Input material:

========================================

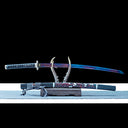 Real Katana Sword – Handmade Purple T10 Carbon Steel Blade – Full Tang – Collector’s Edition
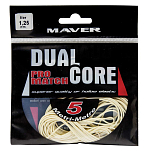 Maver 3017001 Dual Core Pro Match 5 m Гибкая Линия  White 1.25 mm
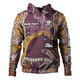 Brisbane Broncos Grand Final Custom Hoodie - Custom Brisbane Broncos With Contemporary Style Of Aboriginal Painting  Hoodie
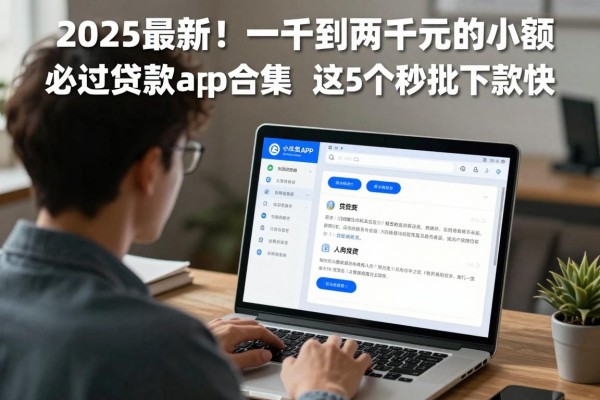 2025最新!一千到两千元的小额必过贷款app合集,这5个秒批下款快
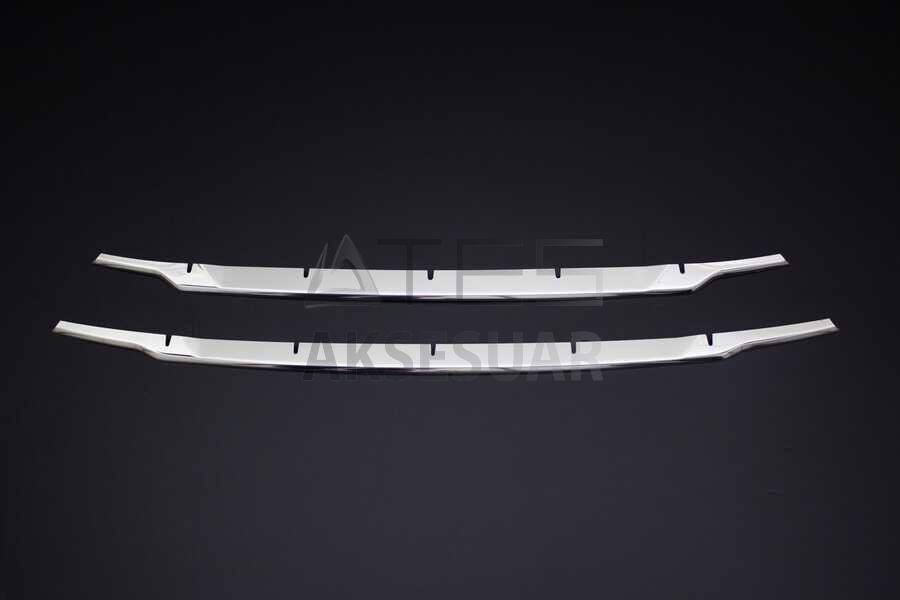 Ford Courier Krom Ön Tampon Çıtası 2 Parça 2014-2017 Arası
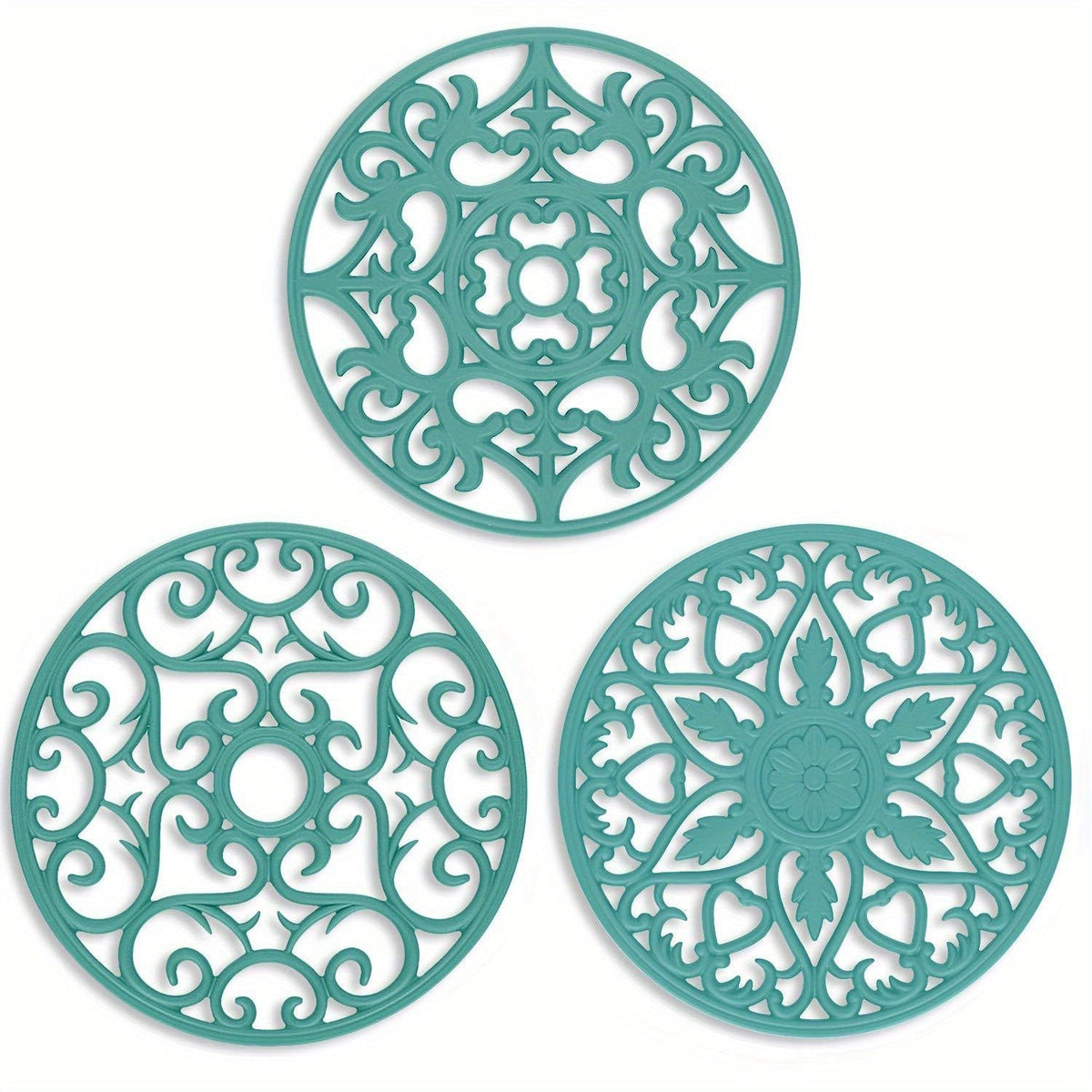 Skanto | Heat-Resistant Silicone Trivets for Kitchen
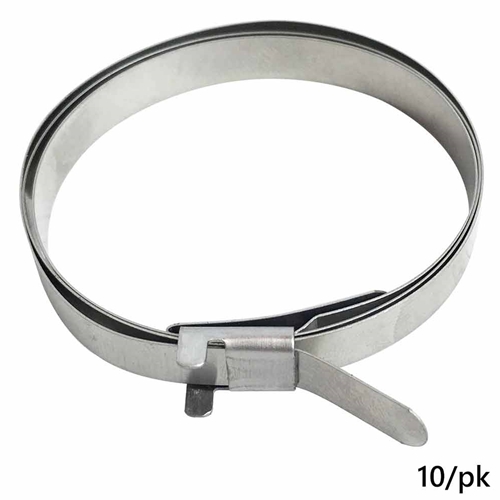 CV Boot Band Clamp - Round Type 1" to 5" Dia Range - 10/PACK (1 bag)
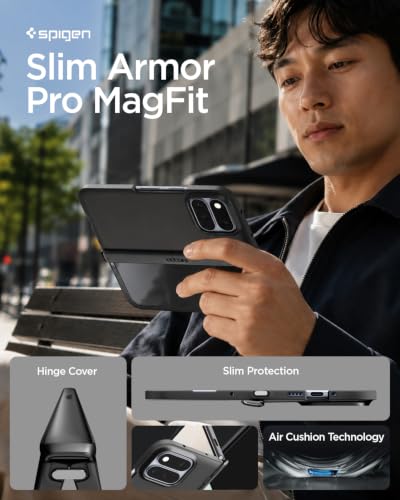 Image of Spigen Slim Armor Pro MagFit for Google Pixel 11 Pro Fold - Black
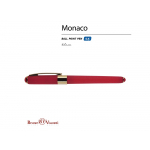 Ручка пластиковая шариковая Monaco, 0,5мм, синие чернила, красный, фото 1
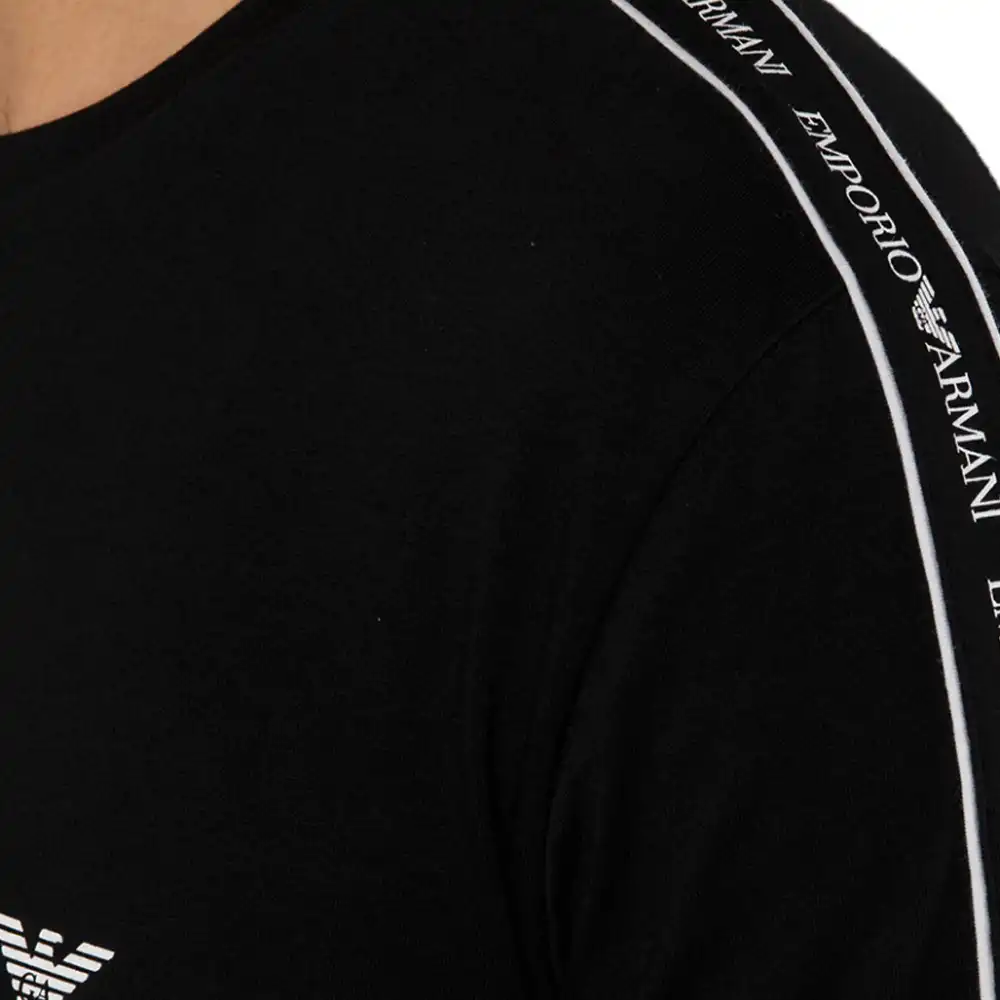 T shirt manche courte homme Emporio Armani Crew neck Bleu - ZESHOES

========================================

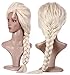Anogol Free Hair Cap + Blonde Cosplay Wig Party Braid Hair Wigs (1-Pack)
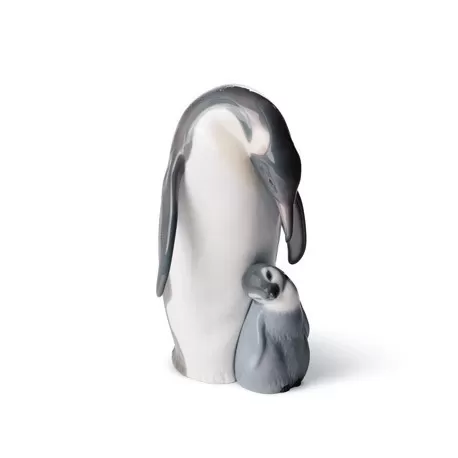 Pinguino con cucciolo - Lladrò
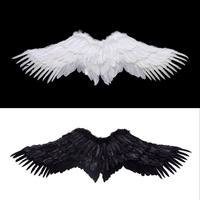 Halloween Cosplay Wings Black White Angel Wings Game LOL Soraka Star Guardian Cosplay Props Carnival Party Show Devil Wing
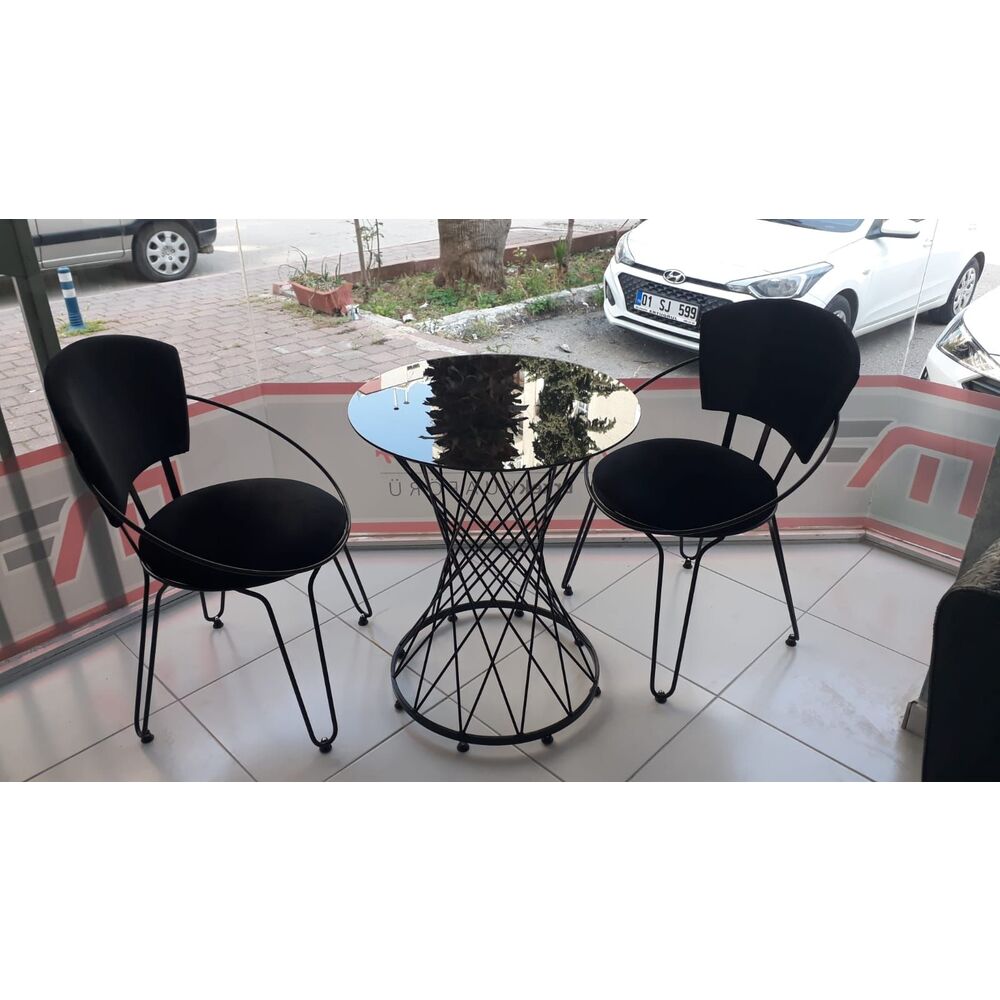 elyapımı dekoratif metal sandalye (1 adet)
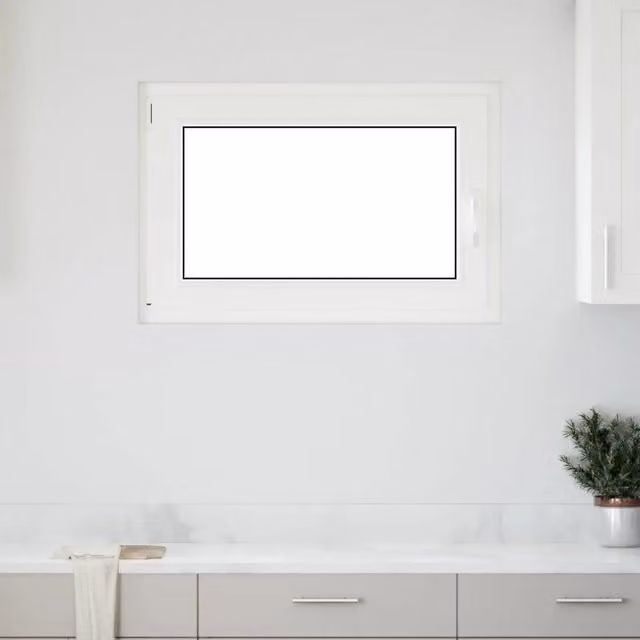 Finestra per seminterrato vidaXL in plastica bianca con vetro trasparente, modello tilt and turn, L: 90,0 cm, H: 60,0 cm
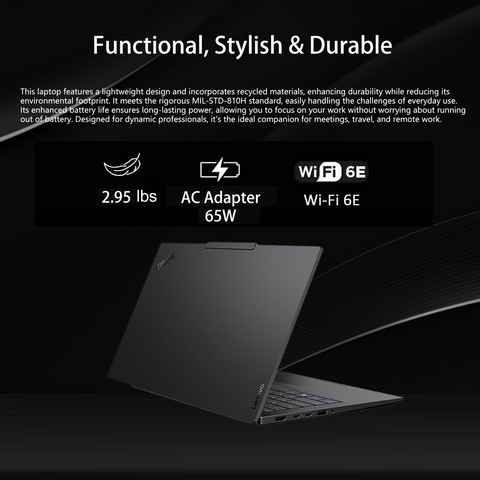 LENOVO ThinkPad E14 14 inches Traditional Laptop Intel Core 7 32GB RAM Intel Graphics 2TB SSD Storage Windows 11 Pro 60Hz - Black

========================================

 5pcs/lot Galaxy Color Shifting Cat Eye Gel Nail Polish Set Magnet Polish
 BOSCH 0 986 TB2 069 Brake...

========================================

What to work on:
Give back, exactly and without pictures, the stretch of the records above from the line containing "Real Katana Sword" through the line containing "T shirt manche", with both end lines included.

Answer space:
 Real Katana Sword – Handmade Purple T10 Carbon Steel Blade – Full Tang – Collector’s Edition
 Maver 3017001 Dual Core Pro Match 5 m Гибкая Линия  White 1.25 mm
 Brisbane Broncos Grand Final Custom Hoodie - Custom Brisbane Broncos With Contemporary Style Of Aboriginal Painting  Hoodie
 2025最新!一千到两千元的小额必过贷款app合集,这5个秒批下款快
 Ford Courier Krom Ön Tampon Çıtası 2 Parça 2014-2017 Arası
 Skanto | Heat-Resistant Silicone Trivets for Kitchen
 CV Boot Band Clamp - Round Type 1" to 5" Dia Range - 10/PACK (1 bag)
 Image of Spigen Slim Armor Pro MagFit for Google Pixel 11 Pro Fold - Black
 Ручка пластиковая шариковая Monaco, 0,5мм, синие чернила, красный, фото 1
 T shirt manche courte homme Emporio Armani Crew neck Bleu - ZESHOES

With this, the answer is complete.